Mesele baş döndürücü kokuyu alır almaz, fırının başına koşup kapağını açıp, öyle mi böyle mi diye sorarken fırını soğutmamla ilgiliymiş meğer. Bırak işte, kek kabarsın dimi ama. On dakikacık merakımı yensem, nefis kekler yapacakmışım yıllarca oysa.

Şimdi tek tesellim arkadaşımın ilişkisinin bugün bile, benim keklerimin de o günden beri mükemmel bir tat veriyor olması. Az önce fırına attığım 'Islak Kek'in kabarmasını beklerken birden aklıma geldi bu hikayem. İlla başka bir olmadık açıdan bakacağım ya her şeye... Kek pişirmenin püf noktasını da size vereyim istedim.

Hani kek yapmaya niyetiniz olmasa bile ilişki başlatmaya niyetiniz olursa diye...

Hiç bilmediğiniz malzemelerle kek yapmaya veya yeni bir ilişki başlatmaya kalkışırsanız dikkatli olun, sırayla koyun herşeyi kaba.
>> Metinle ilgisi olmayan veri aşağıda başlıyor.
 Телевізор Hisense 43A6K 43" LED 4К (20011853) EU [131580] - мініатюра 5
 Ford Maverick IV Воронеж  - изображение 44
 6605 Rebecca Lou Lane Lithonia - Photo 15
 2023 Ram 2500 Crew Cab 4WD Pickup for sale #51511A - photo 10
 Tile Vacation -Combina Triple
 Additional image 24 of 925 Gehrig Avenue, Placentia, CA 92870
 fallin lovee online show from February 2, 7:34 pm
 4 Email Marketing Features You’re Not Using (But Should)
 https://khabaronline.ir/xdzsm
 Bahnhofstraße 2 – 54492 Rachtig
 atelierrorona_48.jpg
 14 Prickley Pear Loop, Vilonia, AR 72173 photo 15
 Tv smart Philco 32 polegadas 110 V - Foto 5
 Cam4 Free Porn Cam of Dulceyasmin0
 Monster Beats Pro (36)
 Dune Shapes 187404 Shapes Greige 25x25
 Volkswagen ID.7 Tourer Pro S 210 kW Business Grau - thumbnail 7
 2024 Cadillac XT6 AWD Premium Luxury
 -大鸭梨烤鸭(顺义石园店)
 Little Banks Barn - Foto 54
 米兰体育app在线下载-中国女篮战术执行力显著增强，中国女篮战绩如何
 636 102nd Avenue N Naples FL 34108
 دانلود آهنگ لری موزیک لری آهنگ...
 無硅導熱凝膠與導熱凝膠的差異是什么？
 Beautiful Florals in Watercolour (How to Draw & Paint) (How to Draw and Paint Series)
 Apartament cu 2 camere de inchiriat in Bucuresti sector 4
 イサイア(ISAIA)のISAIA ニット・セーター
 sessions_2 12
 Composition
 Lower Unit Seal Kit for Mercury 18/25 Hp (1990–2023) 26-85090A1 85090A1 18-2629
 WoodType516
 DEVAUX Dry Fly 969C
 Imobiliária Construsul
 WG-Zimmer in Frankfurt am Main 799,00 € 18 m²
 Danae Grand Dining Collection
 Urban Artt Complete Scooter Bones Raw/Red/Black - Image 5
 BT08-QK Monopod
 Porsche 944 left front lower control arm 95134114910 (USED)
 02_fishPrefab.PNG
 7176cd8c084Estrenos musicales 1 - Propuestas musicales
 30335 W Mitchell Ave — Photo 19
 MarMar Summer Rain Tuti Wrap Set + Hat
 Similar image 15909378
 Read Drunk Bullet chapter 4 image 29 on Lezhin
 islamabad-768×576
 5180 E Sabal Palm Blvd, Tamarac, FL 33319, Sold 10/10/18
Unu hemen boca etmeyin. Önce eleyin iyice havalansın biraz, varsa çeri çöpü baştan görünsün. Hele hele fırına verip kek sıcaklığı hissetmeye başlayınca hamurun kıvamında çok dikkatli olun. Tam kabarmadan meraka kapılıp 'mı acaba?' ile başlayan soruları hiç sormayın. Bu sorular sizi fırının kapağını açıp içine bakmaya zorlar ki. Fırın bir anda soğur, kabaramadan her şey şapa oturur. Bir daha kabarmaz olur. Aynı malzemeyi tekrar sil baştan çırpıp kaba koymak gelmez içinizden. O ilk hevesten eser kalmaz. Yeniden ya da yenisini yapmaya cesaretiniz de.

Tekrar söylüyorum, başında ısısının ayarını bozmayın ne kekin, ne de ilişkinin. Biraz bekleyin hele. Güzelce kabarsın kabarabiliyorsa... Kıvamında pişeceği varsa pişsin.
Acele etme!!! Bir tadına bak hele... Beğenmezsen hemen at keki çöpe...
Benim kek kabardı, hadi bana müsade... Kıssadan yok böyle hisse...

Püf noktası: Bu tarifi denemeden önce mutlaka tekrar okuyun.